I prefer the vestiges over the perfectly restored. Using my imagination. The reality of time.
Far on the edge of the other side of Bratislava, past the concrete labyrinth of Petržalka, near the borders of Austria and Hungary, Rusovce manor house sits empty, neglected. It is guarded by a motley group of curs. They charge at anyone who lingers near the fence. But their barks are half-hearted. Their tails wag. Whenever I walk the forest trails that begin behind the mansion, I pause to speak to them. I have never seen the caretaker who lives in the dilapidated shack, but my husband caught a glimpse of him the last time we were there.
Things get really interesting when you venture further away from Bratislava. I’ve written posts about the grim history of Čachtice and the mysterious beauty of Orava. They are among the well-known castles of Slovakia. When I began to hike the trails of the Little Carpathian mountain range, I soon stumbled upon others. Sometimes that castle symbol on the map would turn out to be just a pile of rubble, but other times I was rewarded with a rest stop within massive, crumbling walls.

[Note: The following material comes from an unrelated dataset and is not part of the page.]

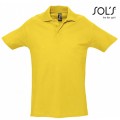SOL'S - 0520129-4-5XL - SPRING II 11362 Ανδρικό πόλο  – 210gr  4-5XL - με Κέντημα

One of the few restored castles is at Smolenice. It is mainly used as a venue for weddings and other social functions. This village is the starting point for hikes to Zaruby, the highest peak in the Little Carpathians. I’ve hiked this path with fellow expat Naomi, who writes the most insightful blog about Slovak culture that I’ve ever come across. Smolenice looks like something out of a fairy tale when you look down from above, but the skies are usually too hazy to get a decent photo of it.
Plavecky Castle overlooks rolling hills and open plains. Every ruin I’ve seen is situated on high. They were originally constructed to guard against invaders – Tatars, Turks, Napoleon. Did these places once have a tower for lighting warning fires for the neighboring castles, Lord of the Rings style? I haven’t been able to find an answer to that.

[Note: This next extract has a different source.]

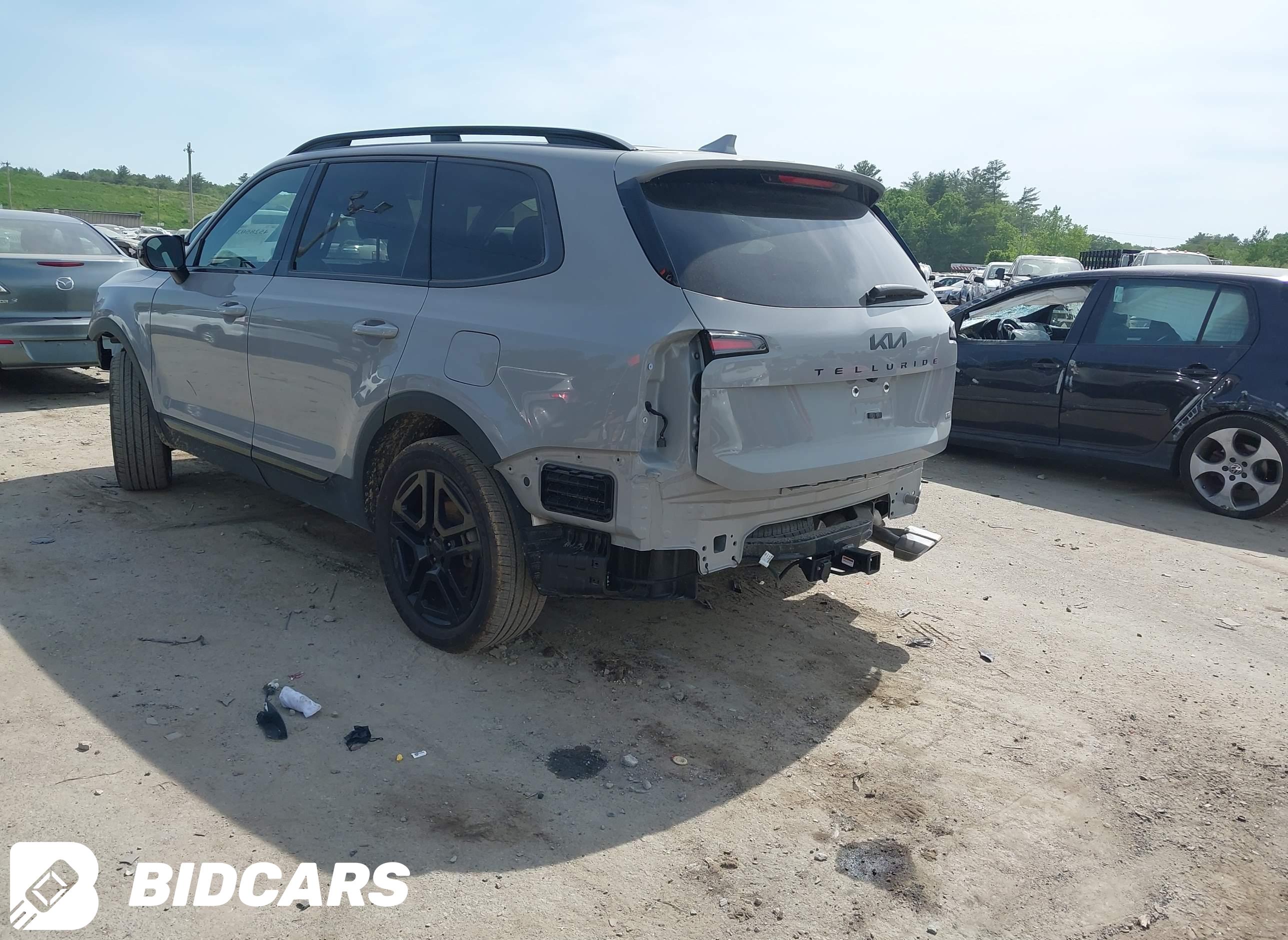2025 KIA Telluride, Sx Presti...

The most unexpected – and my ultimate favorite – discovery so far has been Ostrý Kameň. To get to most Slovak ruins, you need to work. There are no roads, parking lots, souvenir stands. You must hike forty minutes, at the very least, but more often it takes hours, and you can count on the last part being straight up. I’ve mentioned before that hiking trails in Slovakia can be downright sadistic. This trail was no exception.

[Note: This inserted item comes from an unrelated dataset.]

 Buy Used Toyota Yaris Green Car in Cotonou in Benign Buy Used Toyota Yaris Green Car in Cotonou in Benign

After I scrawled my signature in the castle book and continued along the trail, I paused to gaze down at the haunting remains. It seemed so familiar. I was too filled with wonder to be unnerved.
During these journeys along the well-worn paths that wind through the forest and climb relentlessly up, my imagination runs free. How did people get to these places back then? Am I walking the same old road? I pay attention to my body as it reacts to the various locations. Mostly, I feel a sense of euphoria. Sometimes, for no apparent reason, I tense up. Shallow breath and constricted throat. In a couple of places, I’ve felt physically ill and frantic. I quickened my pace until the feeling went away. Things happened in these woods. I have come across old cenotaphs by the side of the trail, usually in the form of wooden crosses and candles, but also heavy stone monuments. The inscriptions tell the story of deaths that took place over a hundred years ago. A woodsman was murdered here. A man was run over by a carriage there. These are indeed the same old roads.
Perhaps the most distinctive ruin in the Little Carpathians is Pajštún Castle. A casualty of Napoleon’s army, the original gargoyles still glare down at visitors. The trees bear the scars of lovers’ initials, but, like all of the ruins I’ve encountered, the stones themselves are relatively free of graffiti.
A couple of the gargoyles have fallen to the ground. The force of their wrath is eroded away with each passing year.